Generally the blank B will be constituted by a laminar portion of a width equal to the length of the product A and a length not shorter (and generally longer) than the sum of the widths of a preset number of products A.

However, the possibility is not ruled out that the blank B can be constituted by a continuous strip of material having a width identical with the length of each product A. In such case the continuous strip could be supplied directly by the apparatus that is designed to produce and roll the raw material that constitutes the products A (for example chewing gum).

In a second step it will be necessary to divide each laminar blank B into sheet-like products A (in particular into a preset number of sheet-like products A, by making parallel transverse cuts) by way of at least one respective cutting unit 3.

A third step involves the selective transfer of sheet-like products A coming from the cutting unit 3 to at least two distinct supply channels 4 by way of a sorting apparatus 6: such transfer of products A to the channels 4 will occur individually and selectively, i.e. product A or one set of products A will be transferred to one channel 4 at a time.

A fourth and final step involves wrapping each individual product A that arrives from a respective supply channel 4 with a respective contoured sheet, by means of a series of consecutive wrapping stations 5, each series being aligned with a respective channel 4.

Conveniently the present invention solves the problems explained previously, by providing a feeder 1 for machines 2 for wrapping sheet-like products A, which has high levels of productivity.

In fact the possibility of carrying out the wrapping of each individual sheet-like product A on two distinct consecutive series of stations 5, in a single machine 2, makes it possible to operate at a speed similar to that of conventional machines (which thus causes no damage to the products A, by imposing acceleration levels lower than a known limit value), but achieving a decidedly higher number of wrapped products A at its outputs (a number of wrapped products A that is potentially as much as double that of conventional machines).

It should be noted that the outputs are not shown in the accompanying figures since they conform entirely to conventional implementation solutions.

Advantageously the feeder 1 for wrapping machines 2 makes it possible to maintain reduced space occupation for the machine 2, in particular levels of space occupation similar to those of machines of the conventional type.

Conveniently, therefore, the wrapping machines 2 make it possible to keep operating costs down: this is because their low space occupation makes it possible to install them in climate controlled environments (inside which the material that constitutes the chewing gum assumes a higher stiffness and thus is easier to work with) of dimensions substantially similar to those for machines of the standard type.

Profitably, the feeder 1 and the machine 2 for wrapping sheet-like products A according to the invention can be implemented at a substantially low cost, being easily and practically implemented and safe in application in that they comprise components and intermediate stations that are derived from implementations of conventional apparatuses.

The invention, thus conceived, is susceptible of numerous modifications and variations, all of which are within the scope of the appended claims.
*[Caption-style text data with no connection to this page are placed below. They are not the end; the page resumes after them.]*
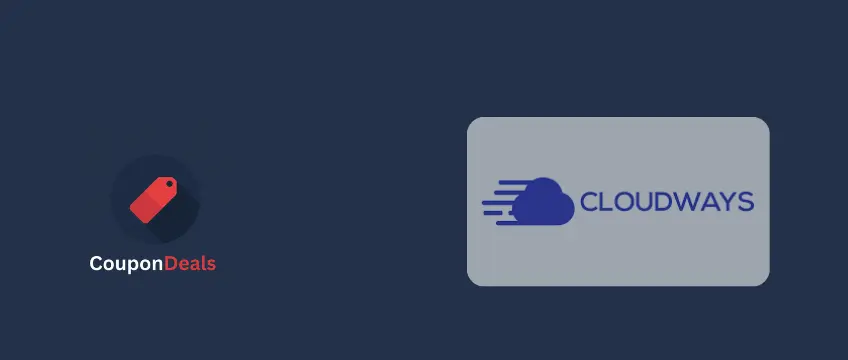 Cloudways managed cloud hosting — a reliable WooCommerce option for SA dropshipping stores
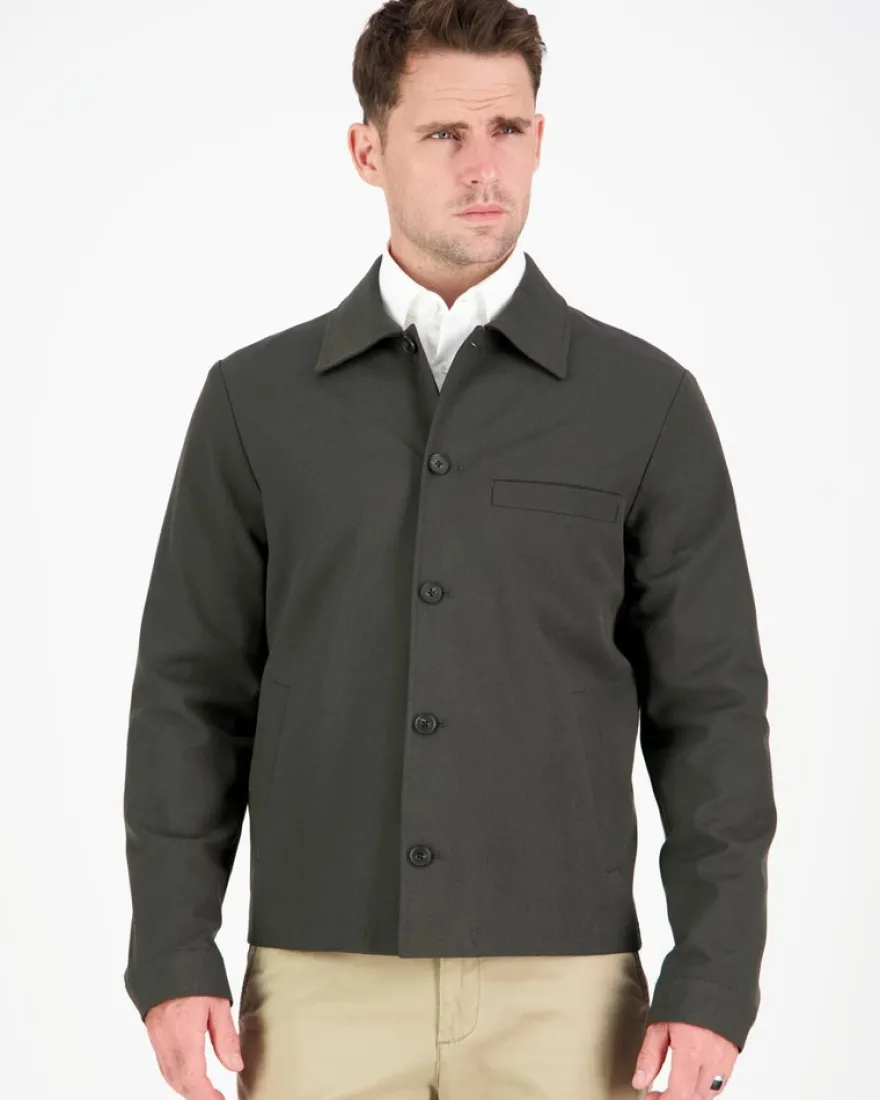 SELECTED HOMME paitatakki Slhreg-robert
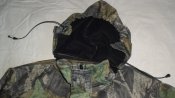 DSC00627.JPG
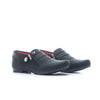 Baleta para mujer 632 - ZAVATTY-tenis-tacones-botines-zapatos-para-mujer
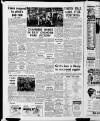 Halifax Evening Courier Monday 02 January 1967 Page 2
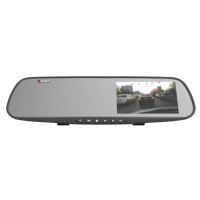 видеорегистратор Artway AV-600 Черный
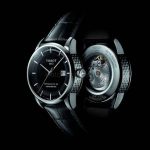 Tissot Luxury automatic watch 300x300 bd532f3050ea80b99407051658fb479b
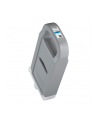 CANON Ink PFI-1700PC photo cyan 700ml PRO-x000/PRO-x000S - nr 3
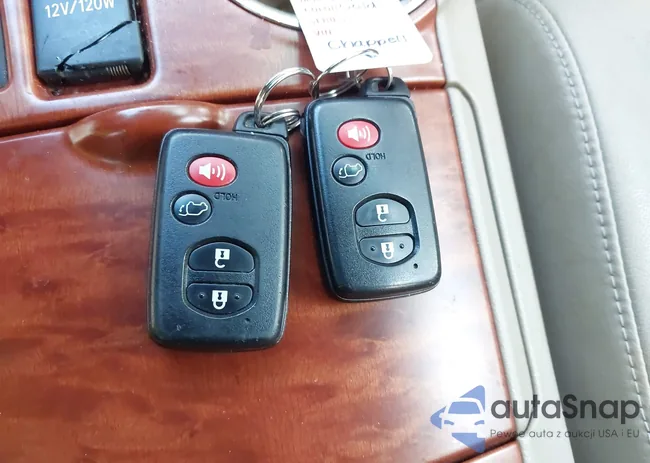 JTEDS42AX82011057: 43364607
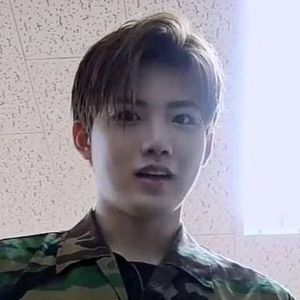 Teumeskoala profile image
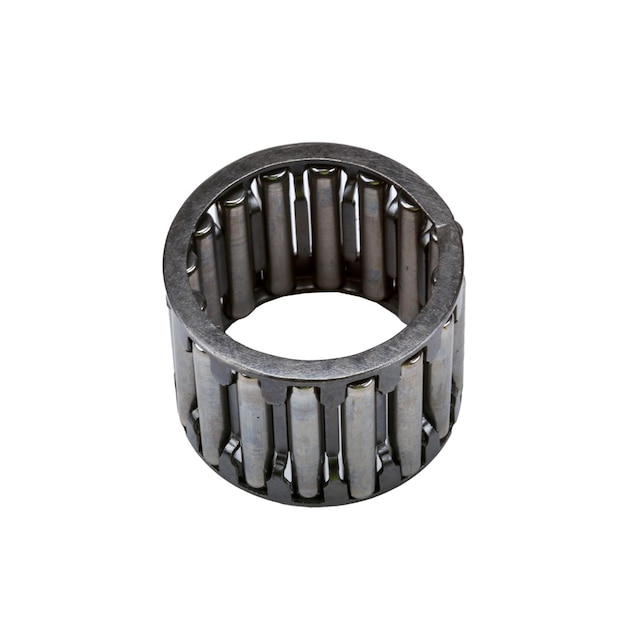 GM Genuine Parts Reverse Idler Gear Bearing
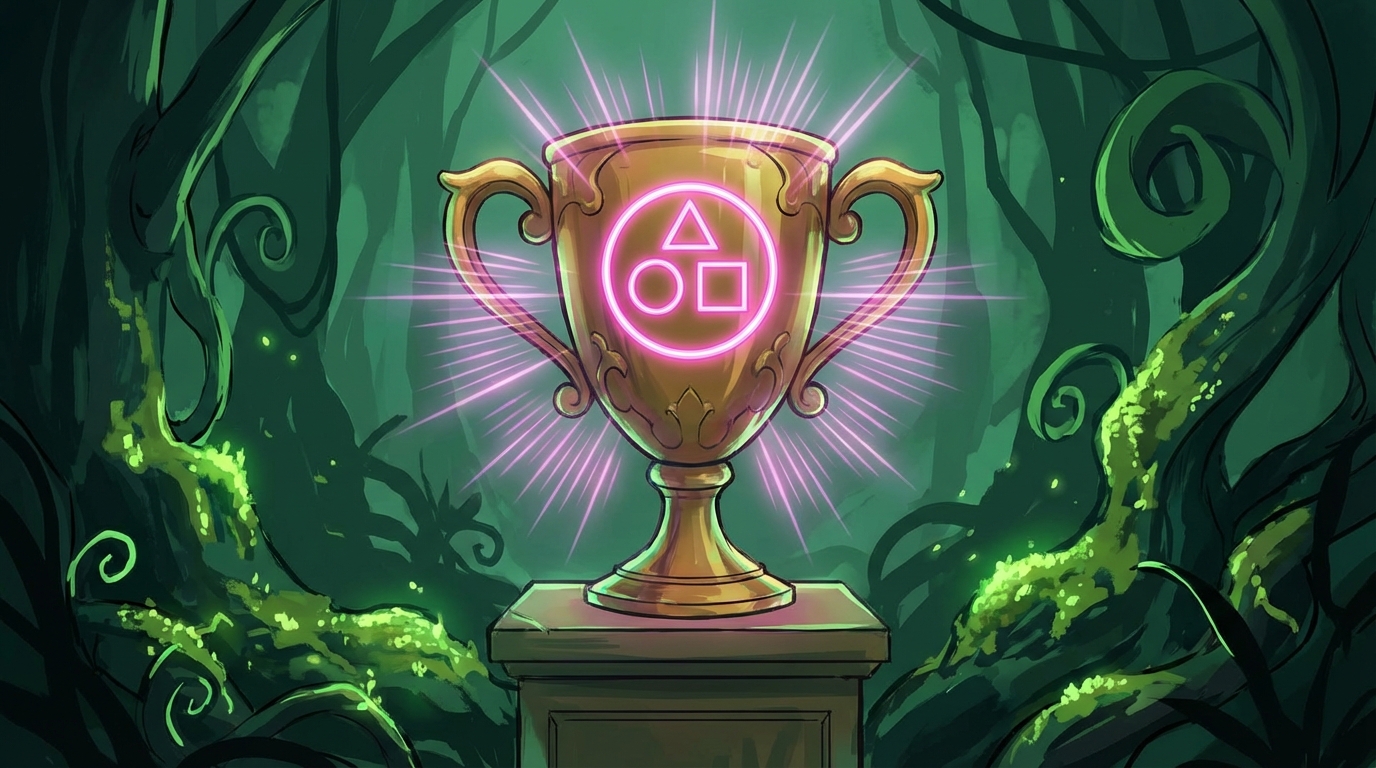 Netflixの料金プランのイメージ画像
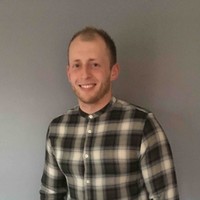 Adam Gray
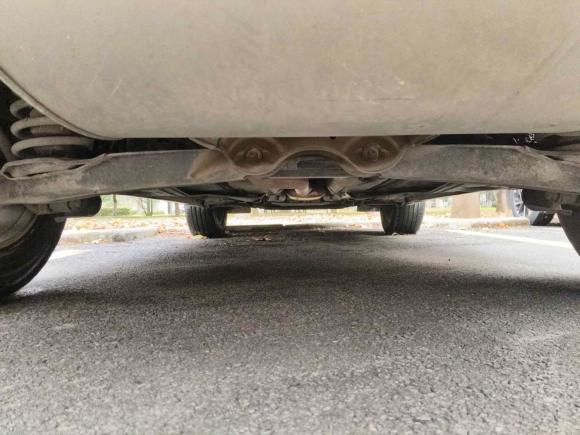 [西安·陕A] 二手沃尔沃沃尔沃XC602017款 T5 AWD 智远版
Moreover, all the details may be substituted by other, technically equivalent elements.

In the embodiments illustrated, individual characteristics shown in relation to specific examples may in reality be interchanged with other, different characteristics, existing in other embodiments.
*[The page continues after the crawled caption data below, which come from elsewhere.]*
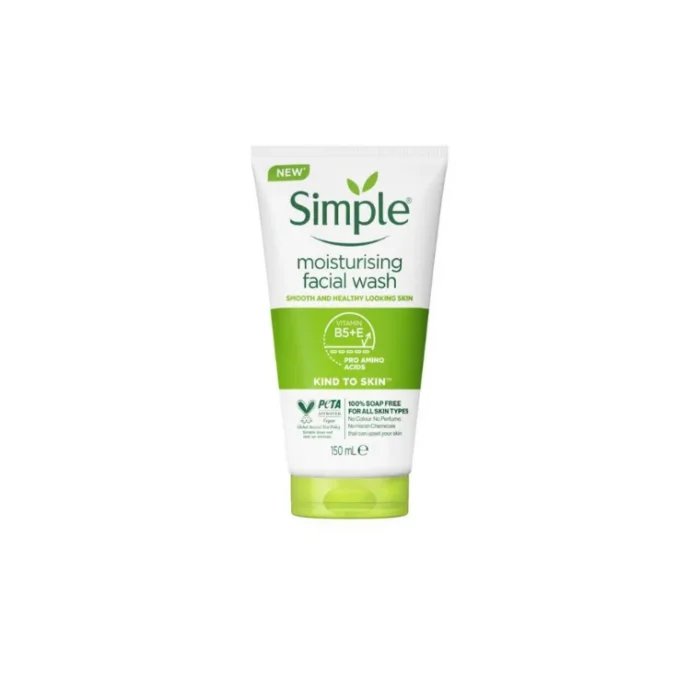 simple-moisturizing-facial-wash-for-all-skin-types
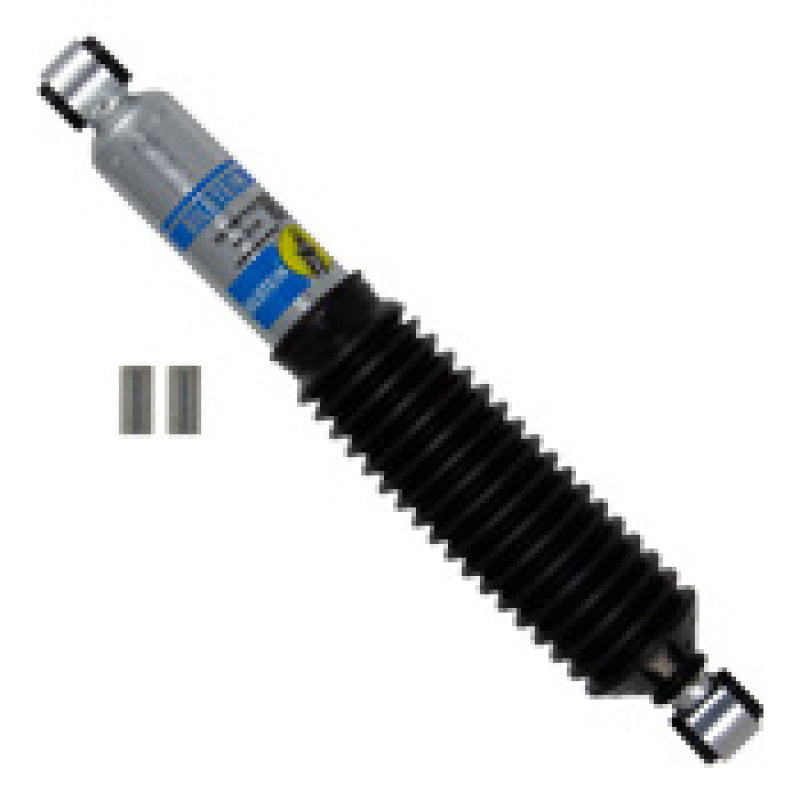 Bilstein 5100 Series LIFTED TRK 5125 5 in.TRVL 233/90 46mm - 33-187112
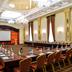 Sala de conferències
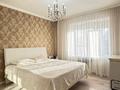 3-комнатная квартира · 80 м² · 8/8 этаж, мкр Комсомольский, Бухар Жырау 42 — Аль Фараби за 53.5 млн ₸ в Астане, Есильский р-н — фото 13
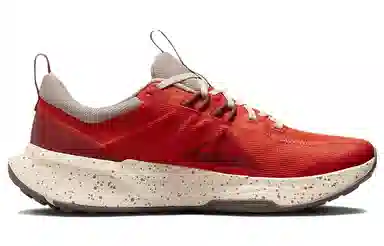 Nike Juniper Trail 2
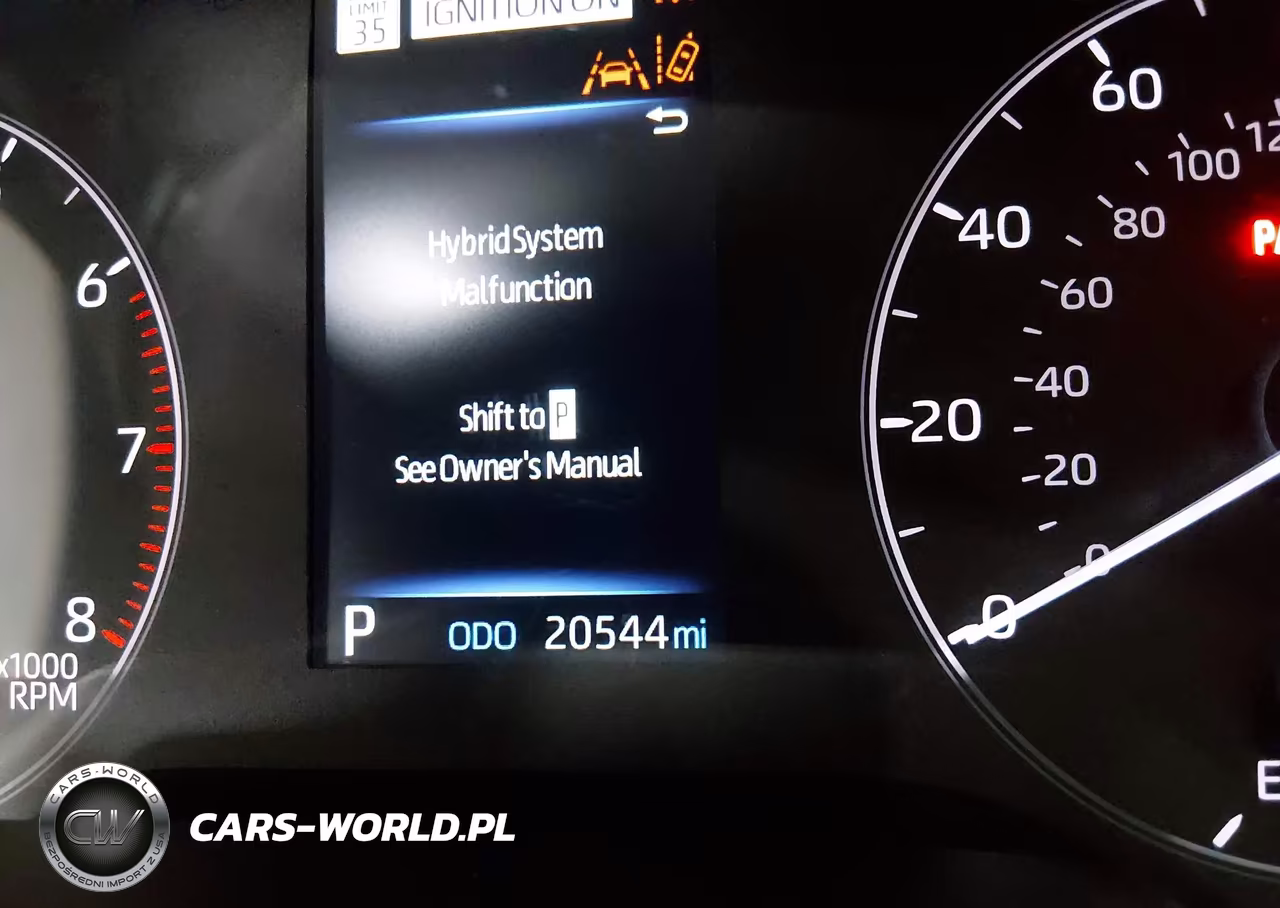 2024 Toyota Corolla Cross Hybrid Se VIN:7MUFBABG3RV061539 - 15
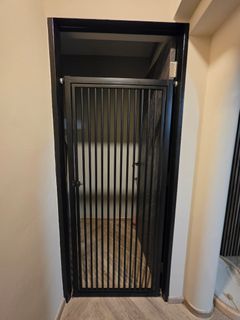 (Category: ) located in . Submitted by pawsome_pets (Listing ID 1436955890, Image 1). Description: .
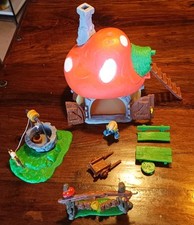 Vintage 80/90er Jahre -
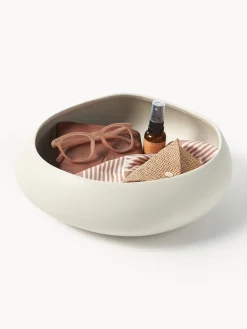 Jarrones|Cuencos Decorativos><noscript><img width=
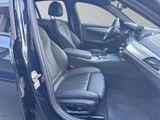 BMW 520 dA xDrive Limo M-SportPRO HUD Laser Glasdach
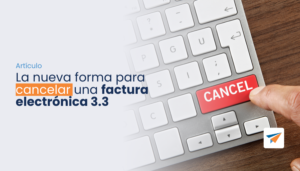 Lee más sobre el artículo 7 hábitos financieros que ayudarán a tu empresa a despegar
In practice, the materials employed, as well as the dimensions, may be any according to requirements and to the state of the art.

The disclosures in Italian Patent Application No. BO2014A000166 from which this application claims priority are incorporated herein by reference.

Where the technical features mentioned in any claim are followed by reference numerals and/or signs, those reference numerals and/or signs have been included for the sole purpose of increasing the intelligibility of the claims and accordingly, such reference numerals and/or signs do not have any limiting effect on the interpretation of each element identified by way of example by such reference numerals and/or signs.